What's the cost of converting a sequential collection into a parallel one, against creating it from scratch - 【StackMirror】|scala|collections|parallel-processing|parallel-collections

according to the official docs there are two options to create parallel collections:

// There's a little bug here, doesn't matter for the sake of the question
import scala.collection.parallel.mutable.ParArray
val pv = new ParVector[Int]

val pv = Vector(1,2,3,4,5,6,7,8,9).par

Now, what are the differences? Does exist any performance penalty when I convert it from a simple sequential collection?

What would you do if you've to create a bit parallel collection (say, several thousand elements), would you create it from scratch or convert it?

Thank you guys!

EDIT:

As @oxbow_lakes says there's a piece of docs that focus on this topic, but i'm trying to get "experienced advices". I mean, what would YOU do if you have to read a big collection from a DB, for instance.

2012-04-04 03:41
by santiagobasulto

Depends on the collection. Vector is basically free, ParVector is just a wrapper around the vector. Same for Arrays. Others, e.g. List, will have to be completely copied in a different structure, more amenable to parallelism. And then copied back to a new list if you want your result to be a List too.

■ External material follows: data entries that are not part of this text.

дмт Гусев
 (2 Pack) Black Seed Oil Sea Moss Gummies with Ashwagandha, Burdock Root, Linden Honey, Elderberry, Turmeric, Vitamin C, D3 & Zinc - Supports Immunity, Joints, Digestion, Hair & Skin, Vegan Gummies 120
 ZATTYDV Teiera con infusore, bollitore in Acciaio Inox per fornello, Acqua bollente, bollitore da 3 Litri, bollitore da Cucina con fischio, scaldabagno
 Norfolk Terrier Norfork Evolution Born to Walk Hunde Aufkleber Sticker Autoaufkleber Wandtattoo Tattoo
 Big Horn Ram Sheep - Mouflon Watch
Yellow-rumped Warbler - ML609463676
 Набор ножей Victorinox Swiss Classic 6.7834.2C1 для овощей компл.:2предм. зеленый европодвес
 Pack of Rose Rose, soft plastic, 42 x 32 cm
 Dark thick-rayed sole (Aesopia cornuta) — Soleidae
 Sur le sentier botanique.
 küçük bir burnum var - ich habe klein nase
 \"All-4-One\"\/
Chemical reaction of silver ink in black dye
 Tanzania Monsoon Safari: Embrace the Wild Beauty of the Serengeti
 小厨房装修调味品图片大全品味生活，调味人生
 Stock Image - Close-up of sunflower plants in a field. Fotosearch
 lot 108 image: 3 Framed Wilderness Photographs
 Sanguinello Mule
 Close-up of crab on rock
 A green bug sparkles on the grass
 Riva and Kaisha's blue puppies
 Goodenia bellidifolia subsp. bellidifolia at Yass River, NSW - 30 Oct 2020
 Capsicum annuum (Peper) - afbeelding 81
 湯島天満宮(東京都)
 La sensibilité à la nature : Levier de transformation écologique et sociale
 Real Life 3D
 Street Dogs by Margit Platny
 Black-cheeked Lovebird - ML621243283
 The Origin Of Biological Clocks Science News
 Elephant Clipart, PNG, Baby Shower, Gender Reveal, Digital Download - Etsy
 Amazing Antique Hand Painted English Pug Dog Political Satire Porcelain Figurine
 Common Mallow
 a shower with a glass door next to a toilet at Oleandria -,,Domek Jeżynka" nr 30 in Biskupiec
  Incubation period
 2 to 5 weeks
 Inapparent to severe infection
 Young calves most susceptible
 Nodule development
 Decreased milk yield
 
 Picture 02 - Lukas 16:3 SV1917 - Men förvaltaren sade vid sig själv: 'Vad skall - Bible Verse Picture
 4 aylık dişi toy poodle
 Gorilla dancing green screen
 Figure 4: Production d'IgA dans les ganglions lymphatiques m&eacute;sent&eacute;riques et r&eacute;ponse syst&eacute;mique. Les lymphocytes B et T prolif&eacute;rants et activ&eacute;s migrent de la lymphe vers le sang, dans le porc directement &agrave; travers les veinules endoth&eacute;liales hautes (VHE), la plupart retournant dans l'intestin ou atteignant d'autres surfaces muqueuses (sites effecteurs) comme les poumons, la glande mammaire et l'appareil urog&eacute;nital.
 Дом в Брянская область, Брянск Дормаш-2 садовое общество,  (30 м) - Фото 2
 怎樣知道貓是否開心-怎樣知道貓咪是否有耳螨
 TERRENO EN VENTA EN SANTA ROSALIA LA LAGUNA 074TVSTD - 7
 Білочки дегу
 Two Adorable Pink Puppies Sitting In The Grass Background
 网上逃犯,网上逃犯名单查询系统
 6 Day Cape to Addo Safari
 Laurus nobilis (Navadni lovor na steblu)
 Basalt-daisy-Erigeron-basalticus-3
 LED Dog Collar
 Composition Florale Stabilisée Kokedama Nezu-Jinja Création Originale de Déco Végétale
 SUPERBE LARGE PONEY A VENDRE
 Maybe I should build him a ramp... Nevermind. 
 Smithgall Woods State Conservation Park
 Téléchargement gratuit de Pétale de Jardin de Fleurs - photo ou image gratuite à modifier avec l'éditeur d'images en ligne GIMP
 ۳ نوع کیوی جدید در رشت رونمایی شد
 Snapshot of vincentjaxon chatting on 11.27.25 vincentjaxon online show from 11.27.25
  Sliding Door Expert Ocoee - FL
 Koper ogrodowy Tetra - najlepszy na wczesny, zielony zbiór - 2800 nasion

You may have a look at this brand new guide on the scala documentation site, section Creating a parallel collection.

2012-04-04 07:26
by Didier Dupont

The official documentation for the par method says:

For most collection types, this method creates a new parallel collection by copying all the elements. For these collection, par takes linear time [...]

Specific collections (e.g. ParArray or mutable.ParHashMap) override this default behaviour by creating a parallel collection which shares the same underlying dataset. For these collections, par takes constant or sublinear time.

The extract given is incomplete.